When a job exhausts all retries, the row is moved out of soniq_jobs and into the dead-letter queue - the soniq_dead_letter_jobs table, which is a holding area for jobs that failed every retry. The original soniq_jobs row is deleted in the same transaction.

Dead-letter jobs do not run on their own. You inspect them, fix the underlying problem, and replay the ones you want re-run. See Dead-letter queue for the full inspect / replay workflow.

Examples

API call with backoff

External APIs may rate-limit or have intermittent outages. Exponential backoff gives them time to recover.

@app.job(max_retries=5, retry_delay=2, retry_backoff=True, retry_max_delay=120)
async def sync_user_to_crm(user_id: int):
    user = await get_user(user_id)
    async with httpx.AsyncClient() as client:
        resp = await client.post("https://crm.example.com/api/users", json=user.dict())
        resp.raise_for_status()

Email sending with fixed delay

Email servers sometimes reject connections temporarily. A short fixed delay usually works.

@app.job(max_retries=3, retry_delay=5)
async def send_order_confirmation(order_id: str):
    order = await get_order(order_id)
    await smtp_send(to=order.email, subject=f"Order {order_id} confirmed", body=...)

File processing with escalating delays

File imports may fail due to locks or temporary storage issues. Escalate the delay to avoid hammering the system.

@app.job(max_retries=3, retry_delay=[5, 30, 120])
async def import_csv(file_path: str):
    async with aiofiles.open(file_path) as f:
        rows = await parse_csv(f)
    await bulk_insert(rows)

Idempotency

Soniq provides at-least-once delivery: a job will run at least once, and may run more than once. Retries are the obvious source of repeats, but a worker that crashes mid-handler will also cause the job to be picked up by another worker and re-run. Every job queue has this property - it is not a Soniq bug, it is a consequence of "do not lose work when machines fail".

The fix is to make your handler idempotent - safe to run more than once with the same end result:

  • Use INSERT ... ON CONFLICT DO UPDATE instead of plain inserts. The second run updates a row that already exists, instead of creating a duplicate.
  • Store an idempotency key (often the job arguments hashed, or a unique field on the request) and check it before performing the side effect. If the key already shows the work as done, return.
  • Check current state before acting. Before sending an email, look at whether you have already recorded sending it. Before charging a card, look at whether the charge already exists in your payments table.

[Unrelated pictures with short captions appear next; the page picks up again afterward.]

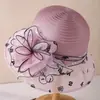 Chapéu Elegante de Organza Elegante Chapéu Fresco de Primavera e Verão Feminino Chapéu de Pescador Versátil Cartola de Mãe Chapéu Protetor Solar Chapéu de Sol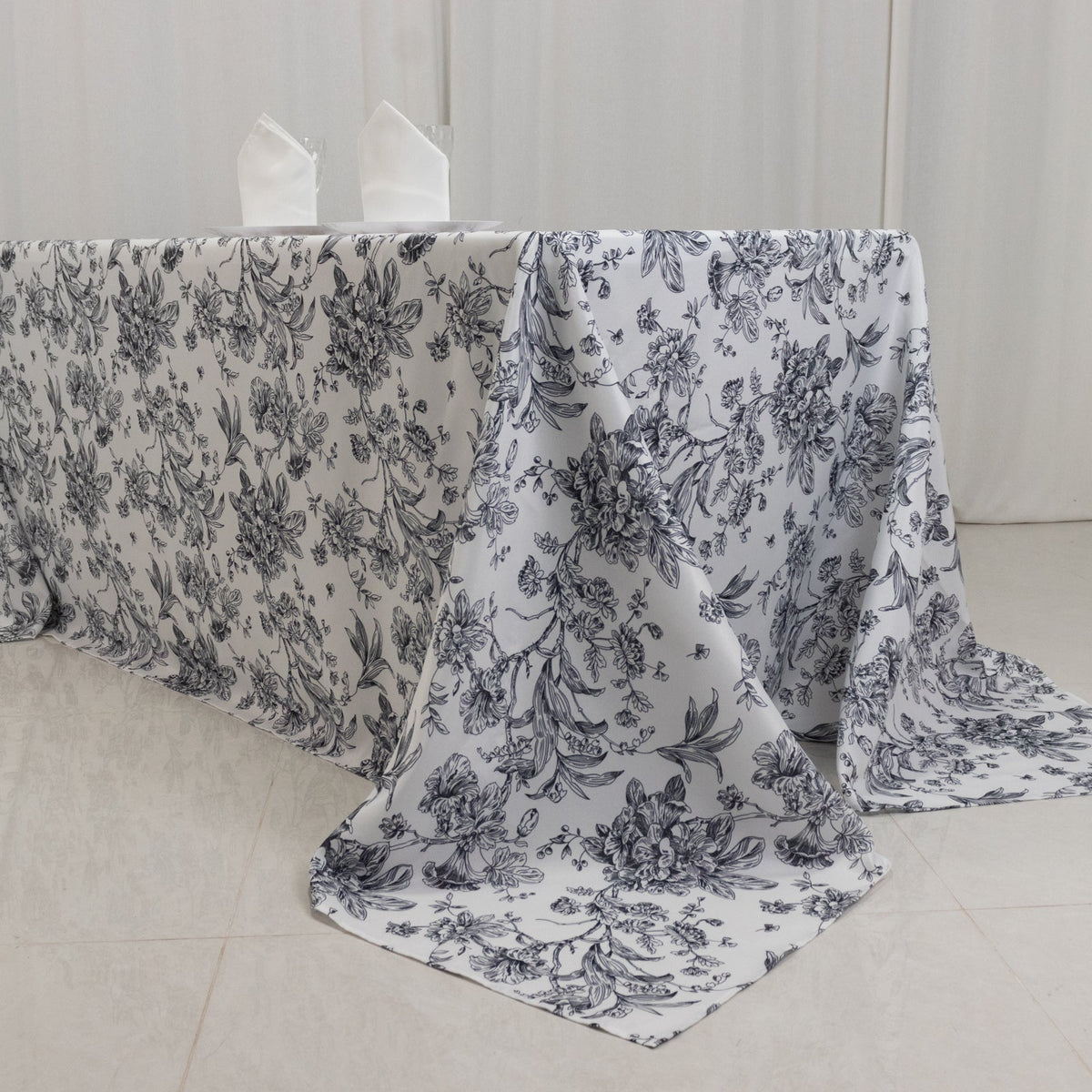 90x132in Rectangular Oblong Polyester Tablecloth French Toile White Black
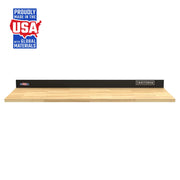 Front view of Craftsman wooden workbench top with black back panel, SKU CMST25302BK.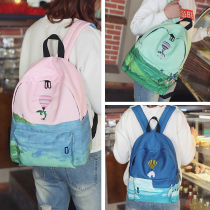 Korean version of canvas backpack campus Joker junior high school students schoolbag female Korean forest simple girl backpack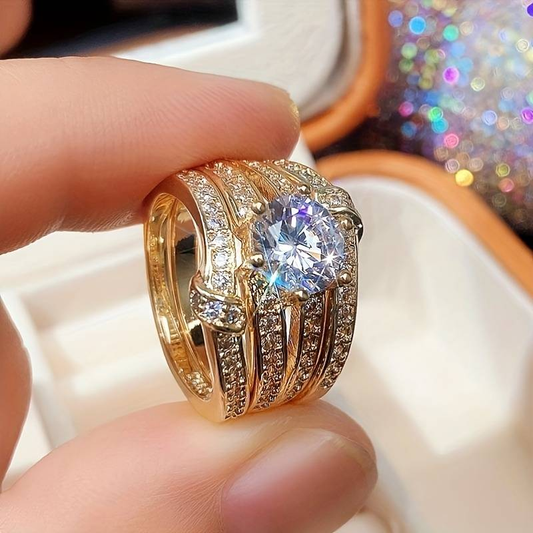 Classic Golden Sparkling Rings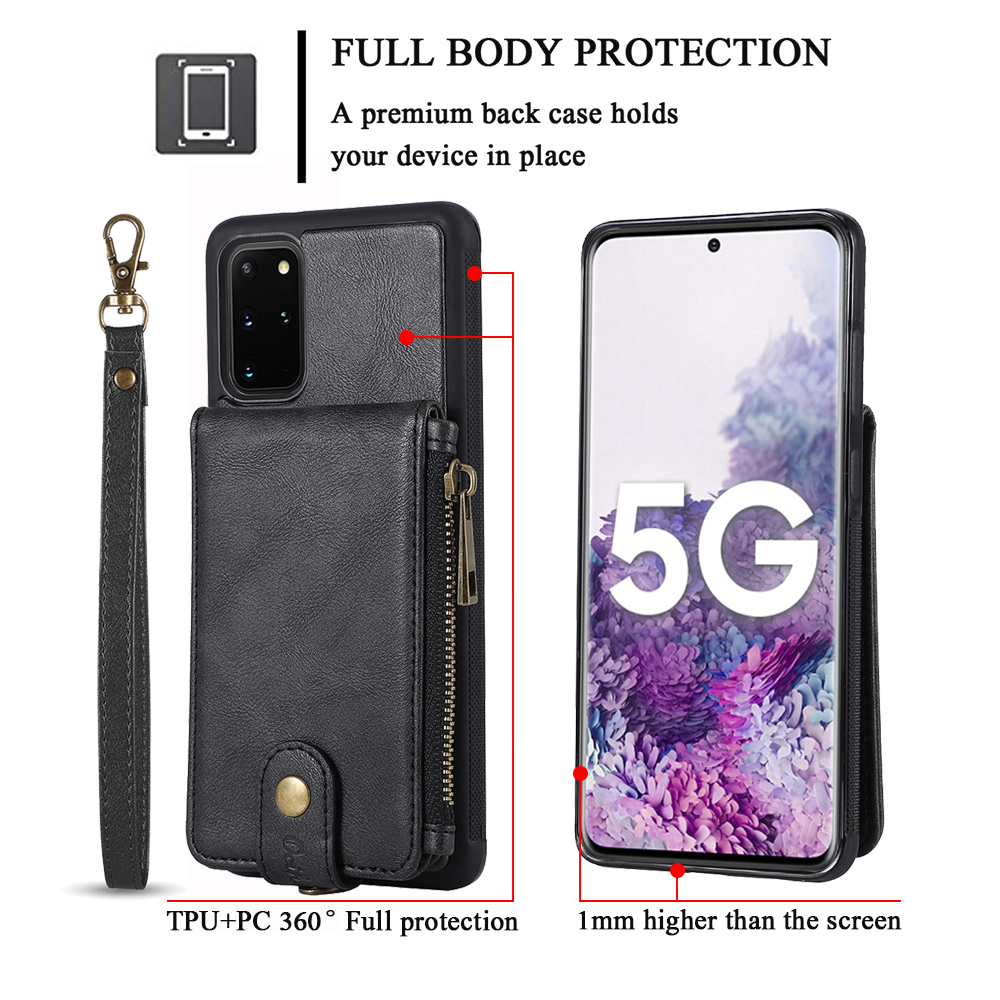 Cowhide Leather zipper case For Samsung Galaxy S20 S20+ S20Ultra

The pattern is "make the second run a no-op", not "guarantee the second run never happens".

Job timeouts

Every job has a default execution timeout of 300 seconds (5 minutes). If a job exceeds its timeout, it is treated as a failure and follows normal retry logic.

@app.job(max_retries=3, timeout=60)
async def quick_health_check(service_url: str):
    ...

@app.job(timeout=None)  # no timeout
async def long_running_migration():
    ...

Change the global default with SONIQ_JOB_TIMEOUT. Set to 0 to disable timeouts globally.